Directions: One number is the full answer: how many lines in the records contain the word "with"?

━━━━━━━━━━

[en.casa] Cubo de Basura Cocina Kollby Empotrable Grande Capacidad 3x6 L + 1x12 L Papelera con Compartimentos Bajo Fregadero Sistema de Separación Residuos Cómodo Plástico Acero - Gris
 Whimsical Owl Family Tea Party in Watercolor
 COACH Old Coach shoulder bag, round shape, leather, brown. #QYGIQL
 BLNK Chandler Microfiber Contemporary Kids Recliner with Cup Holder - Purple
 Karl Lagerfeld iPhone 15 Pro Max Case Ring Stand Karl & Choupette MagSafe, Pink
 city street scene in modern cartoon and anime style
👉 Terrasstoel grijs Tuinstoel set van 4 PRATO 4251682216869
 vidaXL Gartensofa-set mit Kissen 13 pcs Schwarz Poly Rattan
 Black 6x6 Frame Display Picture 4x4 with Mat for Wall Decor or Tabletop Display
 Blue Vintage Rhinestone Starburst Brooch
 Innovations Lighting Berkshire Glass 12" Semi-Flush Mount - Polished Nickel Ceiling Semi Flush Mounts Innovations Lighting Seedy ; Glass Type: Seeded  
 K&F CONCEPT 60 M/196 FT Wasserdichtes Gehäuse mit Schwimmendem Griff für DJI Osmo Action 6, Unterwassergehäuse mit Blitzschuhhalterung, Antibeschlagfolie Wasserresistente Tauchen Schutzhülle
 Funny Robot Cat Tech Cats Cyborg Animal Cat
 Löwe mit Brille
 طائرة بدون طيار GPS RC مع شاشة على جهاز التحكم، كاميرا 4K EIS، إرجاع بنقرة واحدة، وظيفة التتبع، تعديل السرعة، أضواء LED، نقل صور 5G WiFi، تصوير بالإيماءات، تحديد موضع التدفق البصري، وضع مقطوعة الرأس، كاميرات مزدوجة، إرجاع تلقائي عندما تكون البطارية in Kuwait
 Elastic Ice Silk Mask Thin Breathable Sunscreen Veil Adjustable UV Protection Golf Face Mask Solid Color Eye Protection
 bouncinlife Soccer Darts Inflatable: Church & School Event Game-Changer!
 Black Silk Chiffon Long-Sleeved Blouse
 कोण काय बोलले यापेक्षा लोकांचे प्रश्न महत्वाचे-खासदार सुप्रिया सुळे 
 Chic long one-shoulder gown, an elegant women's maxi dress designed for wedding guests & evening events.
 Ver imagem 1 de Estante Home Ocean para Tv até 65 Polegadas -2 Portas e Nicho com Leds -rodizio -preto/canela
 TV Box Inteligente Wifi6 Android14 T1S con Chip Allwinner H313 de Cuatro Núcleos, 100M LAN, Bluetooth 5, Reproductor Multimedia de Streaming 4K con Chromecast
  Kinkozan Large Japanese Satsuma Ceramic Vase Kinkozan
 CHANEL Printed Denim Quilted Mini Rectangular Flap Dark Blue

━━━━━━━━━━

Finished exercise: 2